2. The Critical Impact of Patient Sample Testing During the COVID-19 Pandemic

Despite numerous challenges, the COVID-19 pandemic underscored the vital role of laboratory medicine and patient sample testing in managing public health crises, including both COVID-19 and other global emergencies. Beyond its essential role in diagnosing acute SARS-CoV-2 infections [8], this section explores key aspects of patient sample testing that emerged throughout the course of the ongoing pandemic, primarily derived from our expertise, to highlight important lessons that can guide strategies for managing future infectious challenges (Table 1). To support the discussion, relevant bibliographic references were identified through systematic searches of scientific databases.

2.1. Prediction and Better Control of SARS-CoV-2 Outbreaks

Integrating laboratory testing into infectious disease surveillance programs can significantly enhance the prediction, prevention, and management of local outbreaks. Accurate and timely test results—whether positive, negative, or inclusive of viral load—enable the rapid identification, isolation, and clinical management of infectious individuals, thereby reducing the risk of transmission both within households and in the broader community. Additionally, incorporating laboratory data into predictive modeling improves outbreak forecasting by identifying transmission patterns and hotspots [8].
These key aspects have been confirmed by a number of studies. Zhu et al. developed a logistic model based on SARS-CoV-2 testing, the date of the infection, generation time distributions, and locations to estimate the transmission distance of infections [9]. It was found that SARS-CoV-2 population screening by means of molecular testing within five days from identification of the first positive case would permit confining the outbreak within a limit of 2.2 km, thus effectively and rapidly stopping the outbreak from becoming larger. In another study, Grassly et al. explored the effectiveness of a weekly screen of high-risk groups irrespective of symptoms by means of molecular biology techniques [10] and estimated that SARS-CoV-2 transmission could be reduced by over 20%, thus contributing to the early stop of local outbreaks by timely isolation of positive cases. These important aspects were summarized in the review article by Mercer and Salit [11], who concluded that most population-scale testing programs resulted in a significant mitigation of SARS-CoV-2 transmission and reduction of reproductive numbers, which ultimately reflects the burden of viral transmission within a specific population.
Early identification by timely SARS-CoV-2 testing also provides incremental benefits in circumscribed environments populated by subjects at higher risk of unfavorable clinical courses, such as residents of long-term care homes. In the study of Brown et al. [12], early outbreak detection (i.e., within 2 infectious resident-days) was associated with a much lower rate of secondary infections compared to late (i.e., ≥3 infectious resident-days) outbreak detection (3.3 vs. 10.3%; p < 0.001).
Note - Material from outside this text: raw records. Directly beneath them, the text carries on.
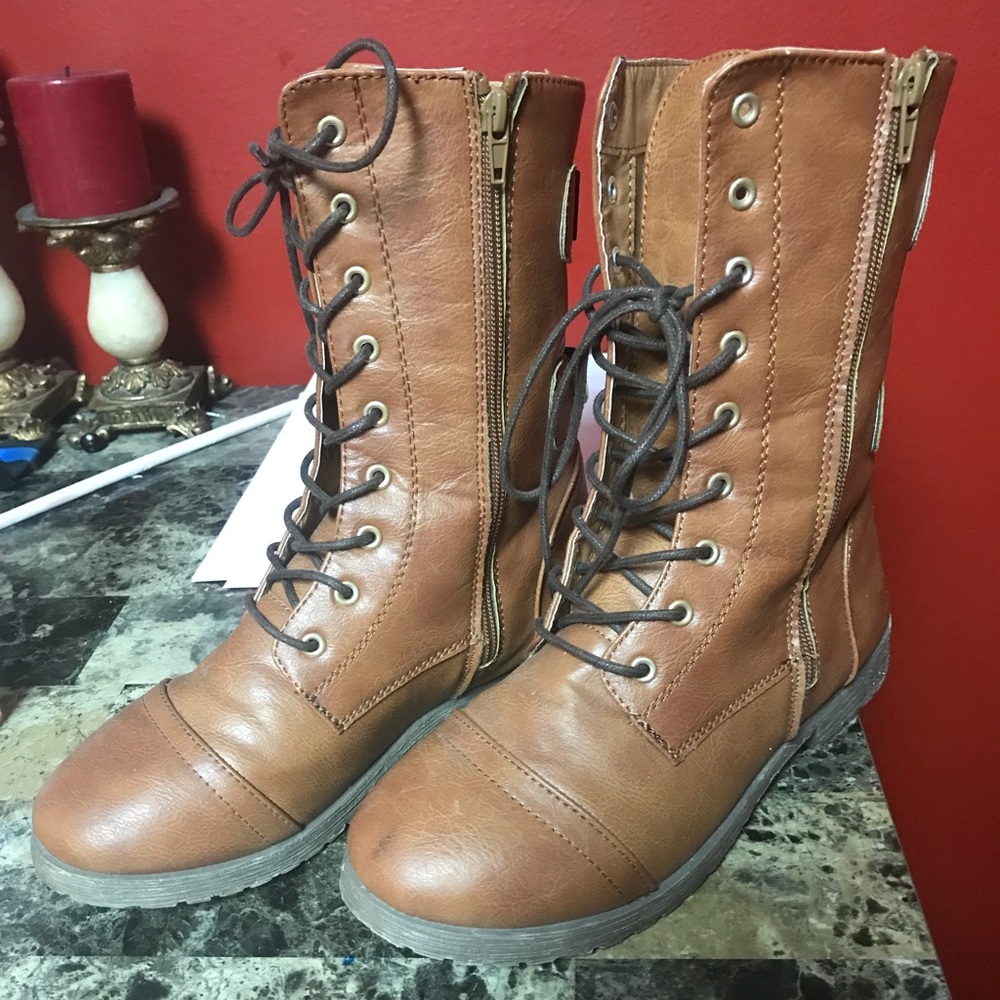 Etc! Boots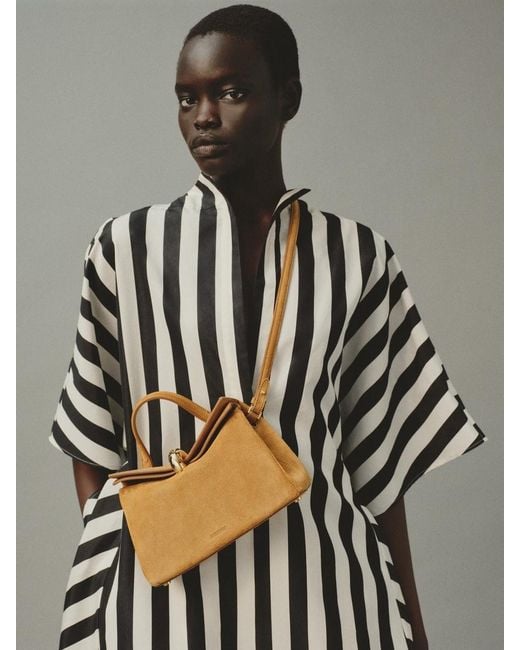 Jacquemus White The Small Valérie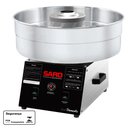 Ver imagem 2 de Ad Máquina de Algodão Doce 50/60 Hz Bivolt 127/220 V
2.2. Prediction of COVID-19-Related Healthcare Pressure

Reliable evidence demonstrates that the cumulative number of SARS-CoV-2 tests and associated positivity rates are valuable predictors of healthcare system pressure. A 2021 study by Lippi and Mattiuzzi in Italy [13] found significant correlations between the number of positive SARS-CoV-2 tests or test positivity rate and key healthcare metrics. Specifically, positive test counts correlated with hospital admissions after 20–23 days (r = 0.74) and ICU admissions after 16–21 days (r = 0.61), while test positivity rates showed even stronger correlations for hospital admissions (r = 0.86), for ICU admissions (r = 0.92), and for cumulative deaths (r = 0.92) after 17–20 days. Similarly, López-Izquierdo et al. conducted a study in Spain [14] that found a significant association (p < 0.001) between daily positive test percentages and hospital admissions within the subsequent 10 days. In the US, Scobie et al. [15] used nationwide COVID-19 surveillance data to monitor healthcare pressure, showing that positive test results from CELR (COVID-19 Electronic Laboratory Reporting) and NREVSS (National Respiratory and Enteric Viruses Surveillance System) significantly anticipated hospital admissions by four days (r = 0.48 and r = 0.43, respectively).
More recently, in 2023, Klein et al. [16] developed a multi-step, recursive predictive model incorporating statewide test positivity data with aggregated mobile device information to improve predictions of hospital admissions. This enhanced model extended prediction efficiency by up to three weeks (specific correlation metrics were not reported). Additionally, Hatfield et al. [17] analyzed SARS-CoV-2 testing data from the PINC (Performance, Innovation, Network, and Care) Healthcare Database between July 2020 and June 2022. Their cohort study revealed that each 10% increase in the community-based SARS-CoV-2 test positivity rate was associated with a nearly threefold increase in hospital-onset infection rates (rate ratio, 2.78; 95% CI, 2.52–3.07).
In summary, studies from various countries consistently highlight a significant association between SARS-CoV-2 test positivity rates and subsequent burdens on healthcare facilities. This relationship is attributable to the fact that higher positivity rates reflect increased community transmission, which translates into the probability of more severe COVID-19 cases and higher strain on hospital resources, including ICU capacity.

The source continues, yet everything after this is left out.